The NLRB found that a workplace rule change constituted a material, substantial, and significant change in employees’ terms and conditions of employment in violations of their rights under the NLRA.

Collective Bargaining Agreements in our industry rarely cover contractor’s internal shop policies and procedures which is good because a-size-fits-all approach would not be workable.  However, that means that contractors may forget their obligation to bargain with the union before making changes to their policies that impact covered workers’ “terms and conditions of employment.”  As this recent case from the NLRB demonstrates, conditions of employment may extend to something as simple as use of space during breaks. 

While here the dispute was likely triggered primarily by the fact that the union perceived the action as one directed at preventing the members from speaking to the union, any substantial change in policy effecting working conditions is something that may need to be disclosed to the union.  Contractors should talk that over with their chapter executive for assistance in deciding whether to inform the union of a change.  Whether the contractor brought it to the union’s attention or not, we recommend that if the union asks to meet about a change, that the contractor sit down with the union to discuss the matter.   

A three-member panel of the NLRB found a waste collection provider in the Los Angeles metro area,  Arakelian Enterprises, Inc. d/b/a Athens Services, unlawfully refused to bargain with the union over a workplace rule change which prohibited employees from using the training room during breaks.

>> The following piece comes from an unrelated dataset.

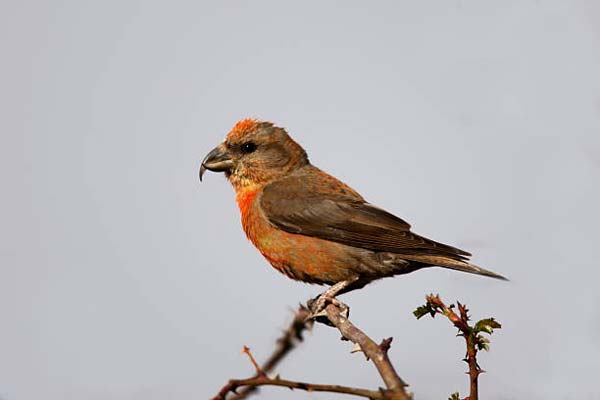 Read more about the article Red Crossbill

Arakelian Enterprises operates various facilities in the Los Angeles area, including the Pacoima Yard facility. Teamsters Local 396 has represented a unit of employees at Pacoima since 2017. Employees at the Pacoima facility regularly took evening meal breaks in a room that was used to conduct training and safety meetings. This room was not locked or restricted to work meetings and was not used by Arakelian Enterprises after 6 p.m. when employees began their breaks. Arakelian Enterprises managers—who were aware that employees used the training room as a break area—never told employees that they could not use the room for breaks or prevented employees from using it.

On August 2, 2018, a dispute arose between the Arakelian Enterprises and the Union over the use of the room by the Union's representatives. Arakelian Enterprises took issue with the fact that employees used the training room as a venue to meet with a union-represented worker who was employed by a competitor after managers had previously directed the Union not to bring unauthorized competitor employees on to the property. The judge in the original case found that the Arakelian Enterprises "reasonably believed that the union representatives were trespassing and otherwise refusing to comply with security and management directives." The following day, the managers locked the door to the training room and told employees that they could no longer take breaks there; going forward, the room would be used only for training and safety meetings and as a safe room in active shooter situations.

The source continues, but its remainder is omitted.